The Raspberry PI is a low cost ($25 A-model) credit card sized computer aimed at stimulating young IT programming talent in the UK and overseas.
This device relies on chip technology know as ARM widely used in the smart phone industry due to its ability to run on small amounts of power as is possible to provide through existing battery technologies.
The custom chipset from Broadcom called the BCM2835 which was developed especially for use on the Raspberry Pi and performs impressively even when measured against some of the most recently released smart phones such as the iphone 4s. The GPU in particular apparently provides twice the performance of the iphone and is expected to outperform Nvidia’s latest mobile chipset.
The Raspberry Pi has been available for purchase as a developer release for a few months now, high demand has outstripped supply for these devices throughout most of this period and made them somewhat difficult to acquire.
The model B Raspberry Pi uses a maximum of 3.5 watts (depending on CPU load), generates little to no heat, has no moving parts and hence makes no noise making this device idea to leave running constantly whilst hooked up to a TV for instant internet and email access much like you would find on a “Smart TV” but for a fraction of the price.
It is also possible to install XBMC media centre on to the Raspberry Pi which provides a user friendly and aesthetically pleasing user interface through which to play your media (both music and video) shared from local network locations in your home of office. The Broadcom chipset used is able to decode high definition video which allows for a wide range of quite demanding content to be played.
As previously mentioned the intended market for this device is schools and aims to provide a low cost versatile platform which aims to train a new generation of computer programmers. A compatible version of a program called scratch provides a graphical interface from which commands can be compiled into a program which control and cat or other animated character, needless to say this something aimed at young children with the intension of instilling some of the essential principles of computer programming.
With its excellent video performance and low power consumption this device would make a very good terminal client and with more of our data being stored and accessed online this could soon be all that is required to access work and day to day web content such as media and email.
In conclusion the Raspberry Pi is a compact, low budget, high quality, versatile device which in the right hands could be used for almost anything.
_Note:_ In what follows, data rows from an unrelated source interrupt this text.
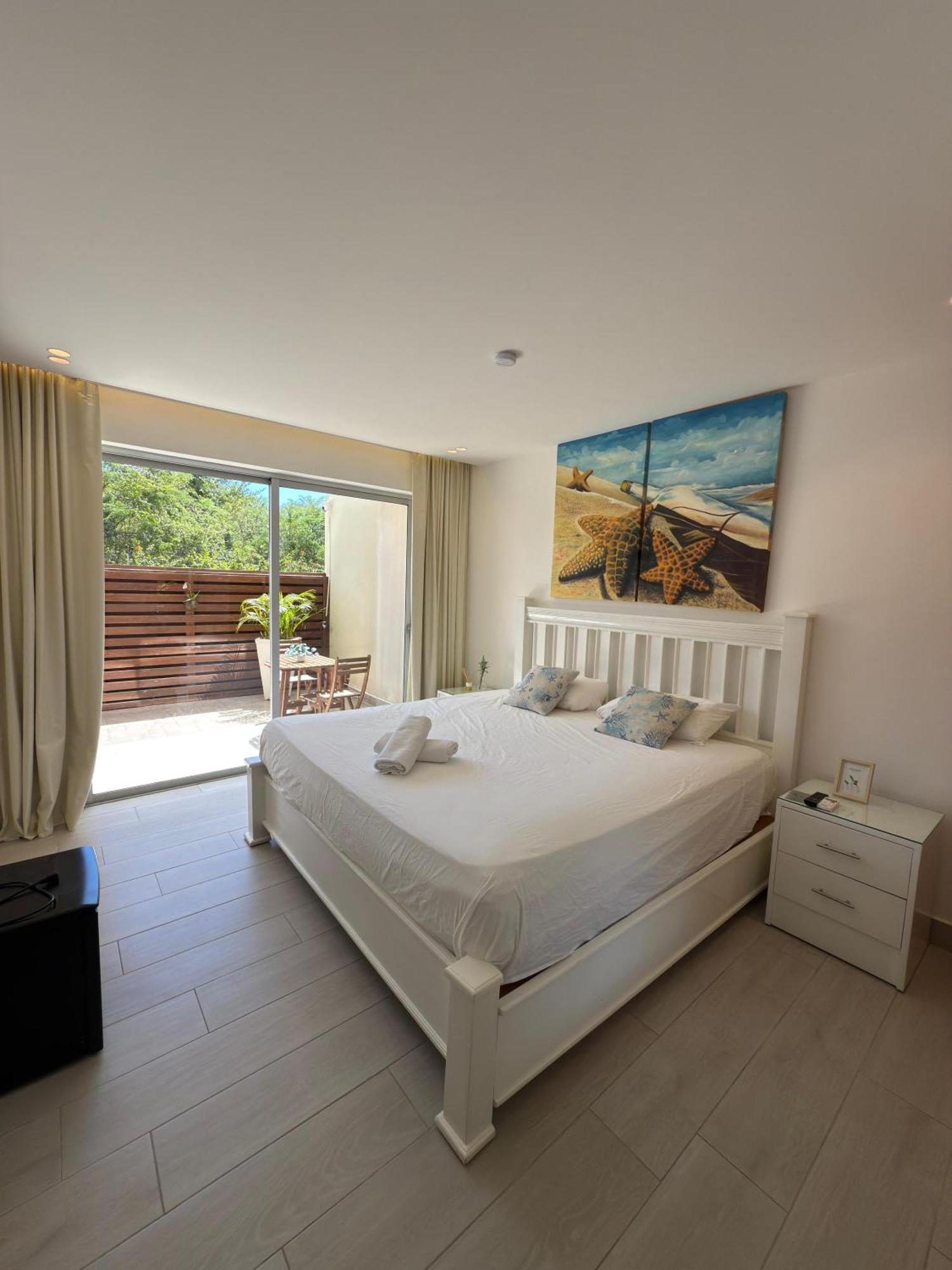 Blue Coast Apartment - Vibe Dominicus La Laguna ภายนอก รูปภาพ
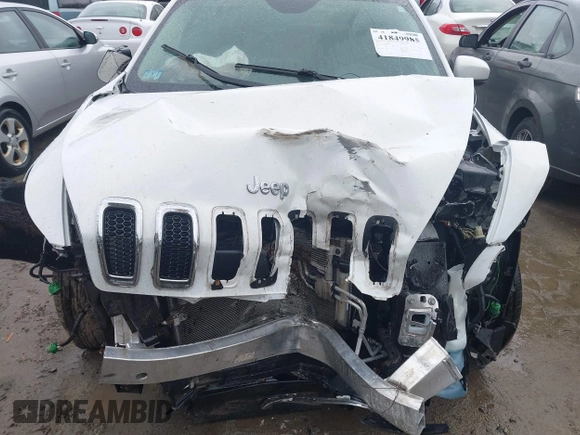 2017 Jeep Cherokee High Altitude z VIN 1C4PJMDS1HW659101, wystawiony jako IAAI lot #41849985 z przebiegiem 70 413 mil mil oraz . Historia ofert i sprzedaży dostępna na DreamBid. Obrazek 6.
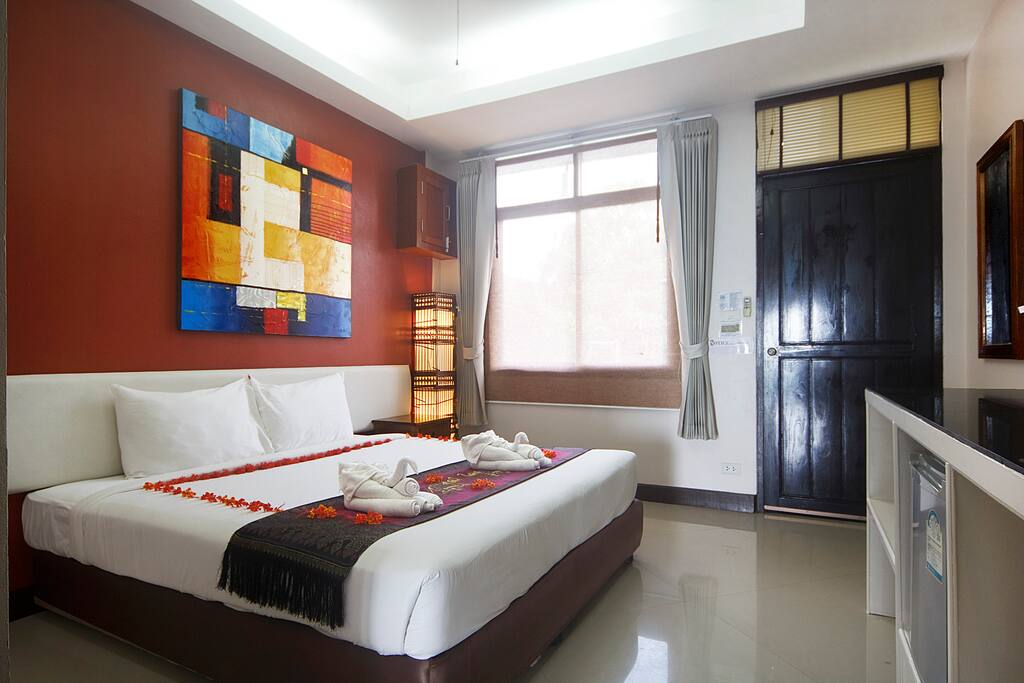 Spacious Bedroom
It has brought a low cost solution for web access and software development to anyone with £35 and could be the beginning of a swing towards the use of such low power devices over tradition laptop and desktop computers.
When the Raspberry Pi is officially release it will apparently be supplied complete in plastic casing and not just a PCB as it would be if you were to buy one at present. I look forward to the release of a second Raspberry Pi with slightly more RAM and onboard wireless connectivity (which I’m sure is inevitable).